■ DATA:
○ ○ ○ ○ ○ ○ ○
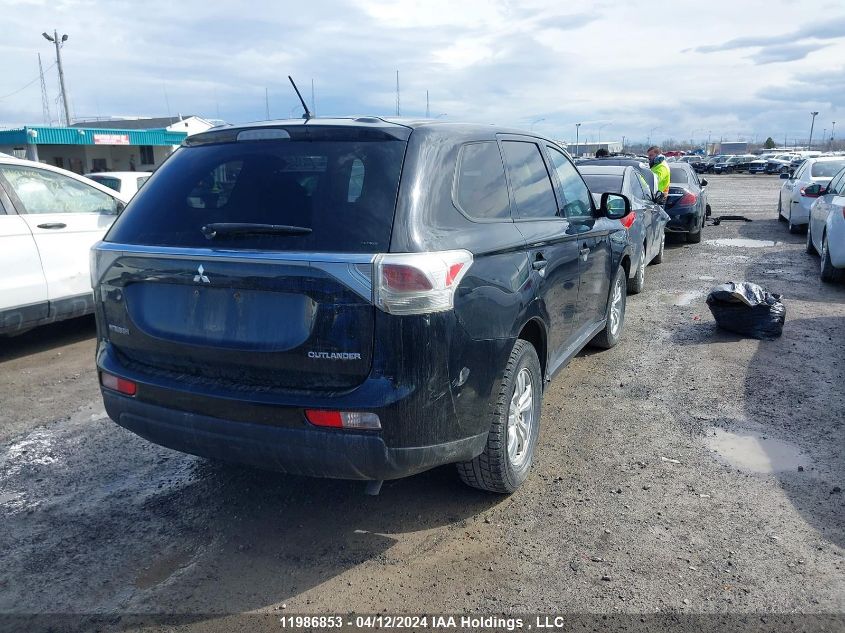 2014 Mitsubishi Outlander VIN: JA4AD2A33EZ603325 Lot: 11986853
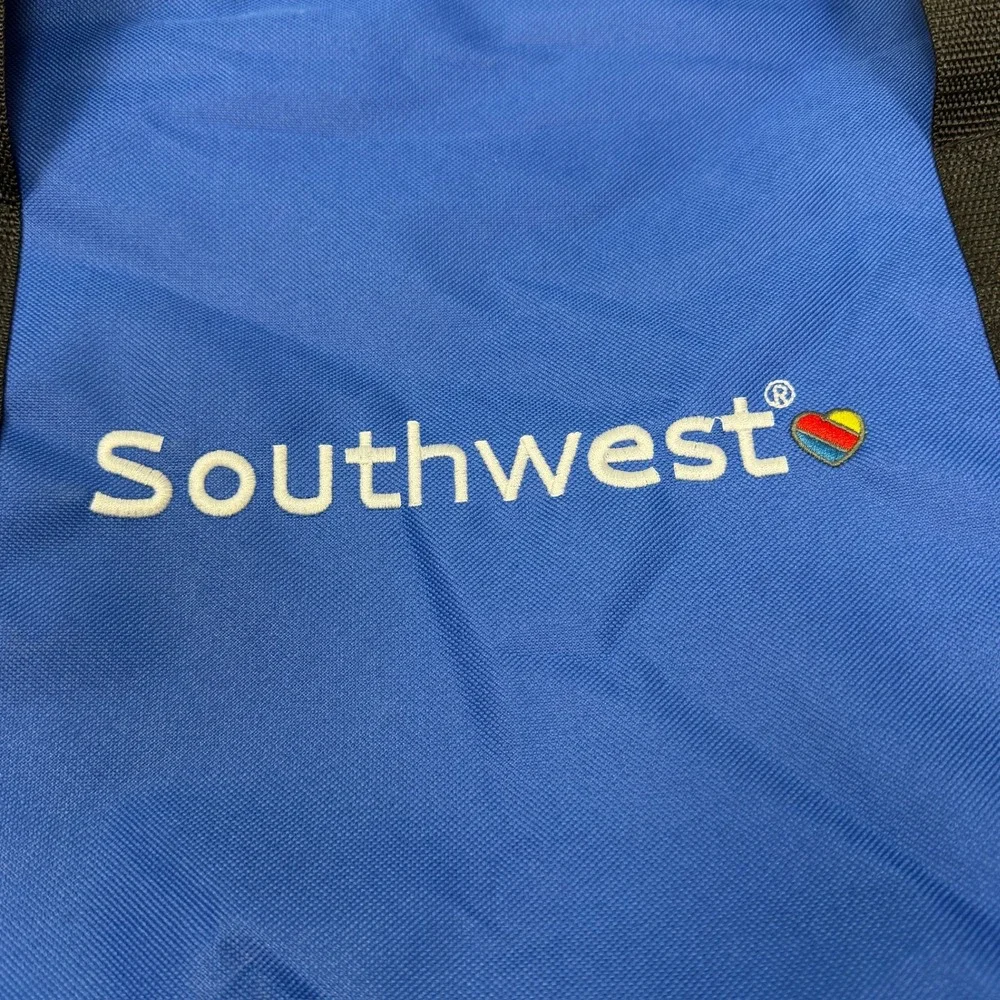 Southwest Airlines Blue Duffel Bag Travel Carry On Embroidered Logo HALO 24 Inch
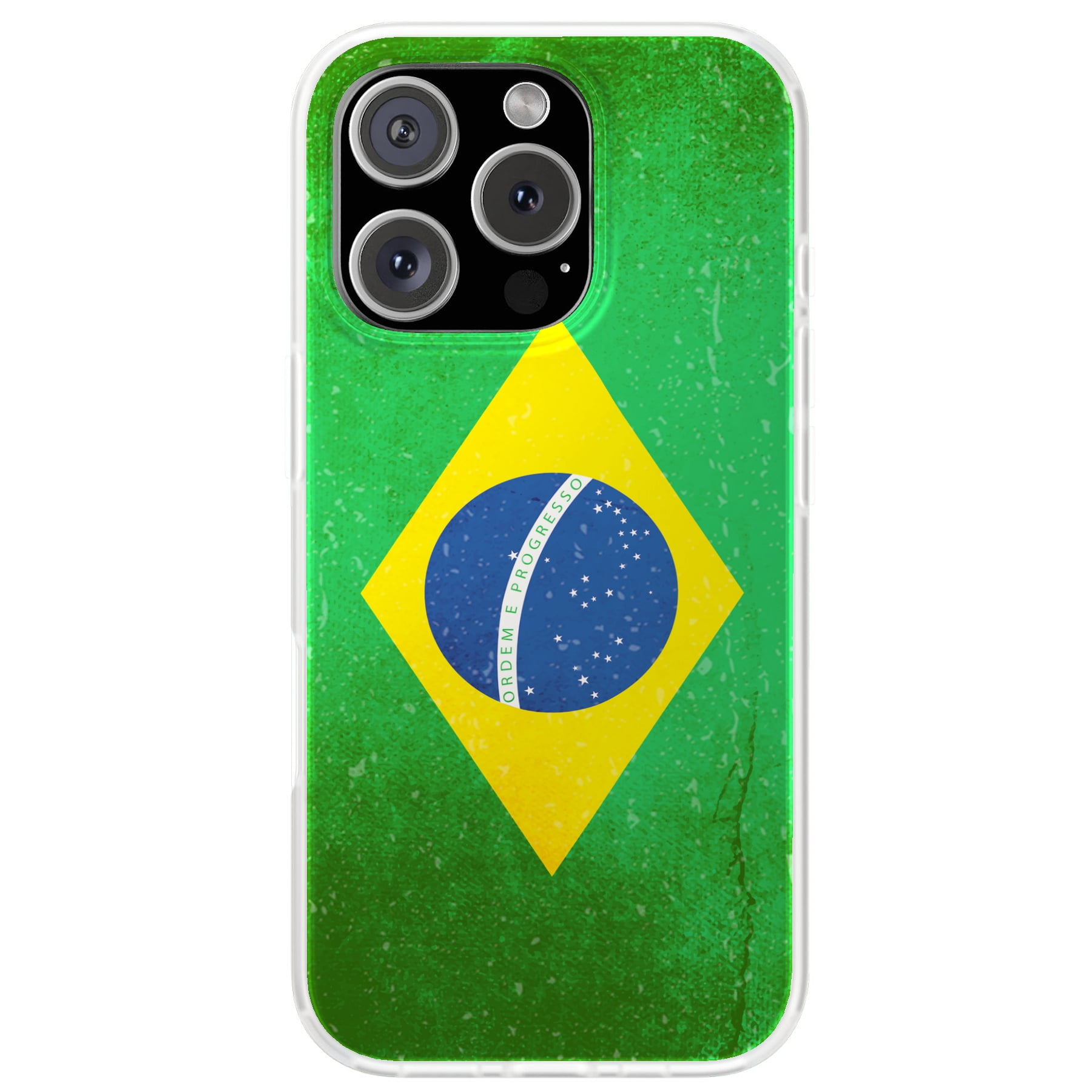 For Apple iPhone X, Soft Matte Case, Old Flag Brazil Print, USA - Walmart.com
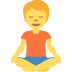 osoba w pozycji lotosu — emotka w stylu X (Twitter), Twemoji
○ ○ ○ ○ ○ ○ ○
■ DIRECTIONS: Produce an exact copy of the lines from the line containing "Southwest Airlines Blue" to the end of the material, both ends included, and omit every picture.

■ ANSWER TO THIS PROBLEM:
 Southwest Airlines Blue Duffel Bag Travel Carry On Embroidered Logo HALO 24 Inch
 For Apple iPhone X, Soft Matte Case, Old Flag Brazil Print, USA - Walmart.com
 osoba w pozycji lotosu — emotka w stylu X (Twitter), Twemoji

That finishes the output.